§ TASK BRIEF
Please transcribe the entries below exactly and leave out every picture.

(DATA PROVIDED begins)

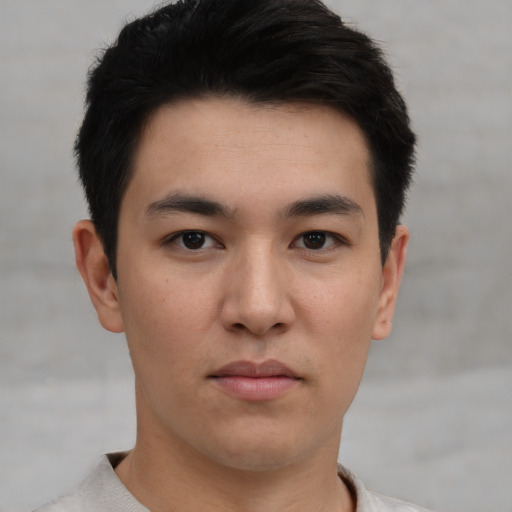 Neutral asian young-adult male with short  black hair and brown eyes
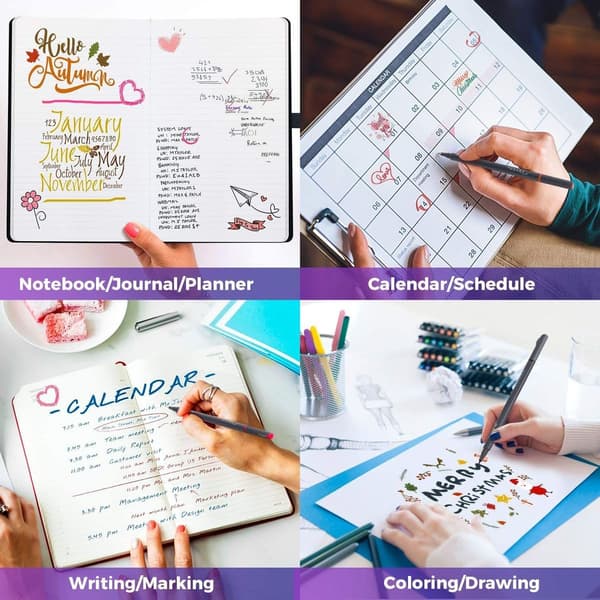 Journal Planner Penne Farvede Penne Fin Spids Fin Spids Stil 1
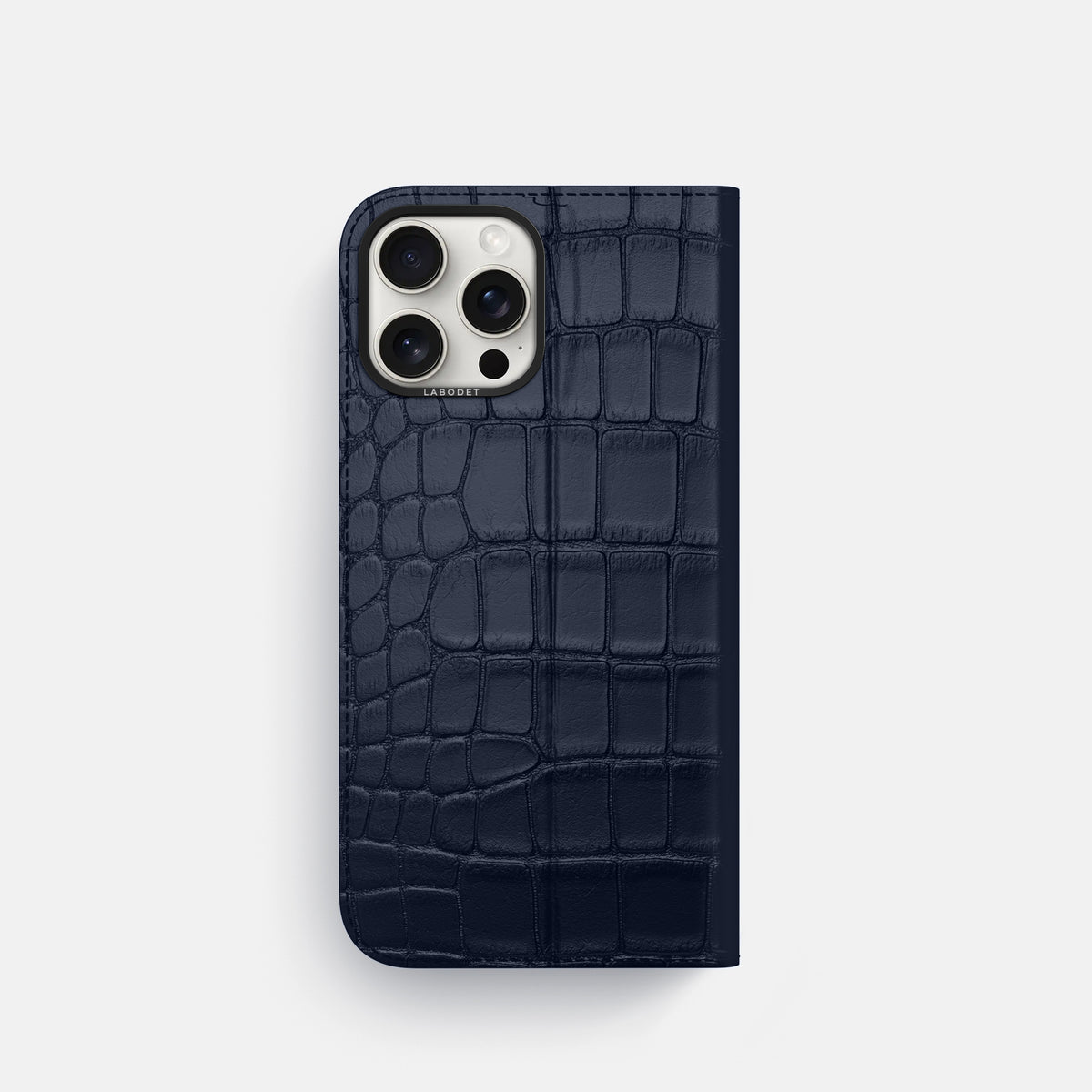 Navy Blue iPhone 16 Pro Folio Case Alligator with Black Metal -5 | Navy-Blue-Black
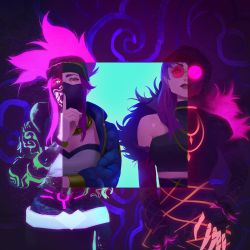 Rule 34 | 2girls, akali, bare shoulders, evelynn (league of legends), finger to mouth, fur trim, glasses, glowing, glowing eyes, glowing hair, green eyes, hat, highres, jacket, jewelry, k/da (league of legends), k/da akali, k/da evelynn, league of legends, mask, medium hair, multiple girls, necklace, pink-tinted eyewear, pink hair, purple hair, suqling, tinted eyewear, yellow eyes
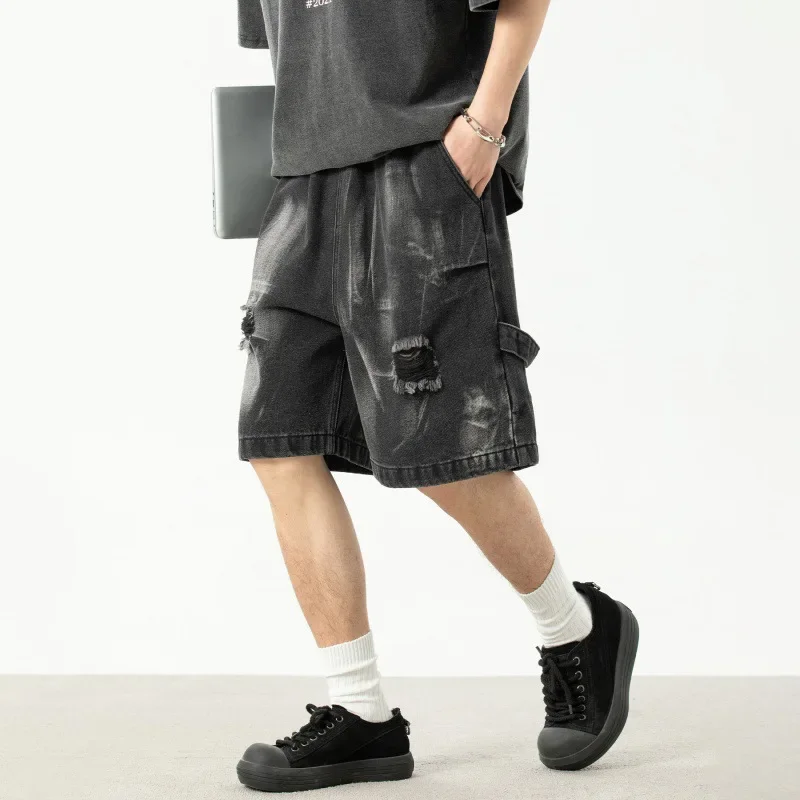 

Men Ripped Holes Denim Shorts Knee Length Shorts Distressed Straight Jeans Spliced Patchwork Pockets Loose Male Summer Casual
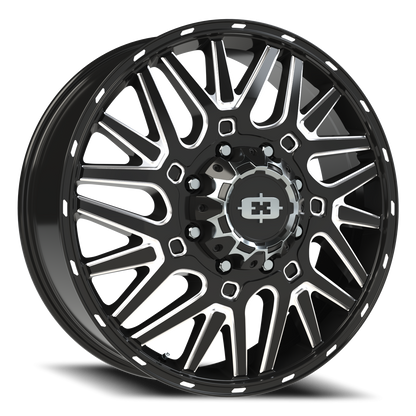 Vision Frnt 24X8.25 Gloss Black Milled Spoke Wheel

(DATA PROVIDED ends)

§ YOUR SOLUTION
 Neutral asian young-adult male with short  black hair and brown eyes
 Journal Planner Penne Farvede Penne Fin Spids Fin Spids Stil 1
 Navy Blue iPhone 16 Pro Folio Case Alligator with Black Metal -5 | Navy-Blue-Black
 Rule 34 | 2girls, akali, bare shoulders, evelynn (league of legends), finger to mouth, fur trim, glasses, glowing, glowing eyes, glowing hair, green eyes, hat, highres, jacket, jewelry, k/da (league of legends), k/da akali, k/da evelynn, league of legends, mask, medium hair, multiple girls, necklace, pink-tinted eyewear, pink hair, purple hair, suqling, tinted eyewear, yellow eyes

Men Ripped Holes Denim Shorts Knee Length Shorts Distressed Straight Jeans Spliced Patchwork Pockets Loose Male Summer Casual
 Vision Frnt 24X8.25 Gloss Black Milled Spoke Wheel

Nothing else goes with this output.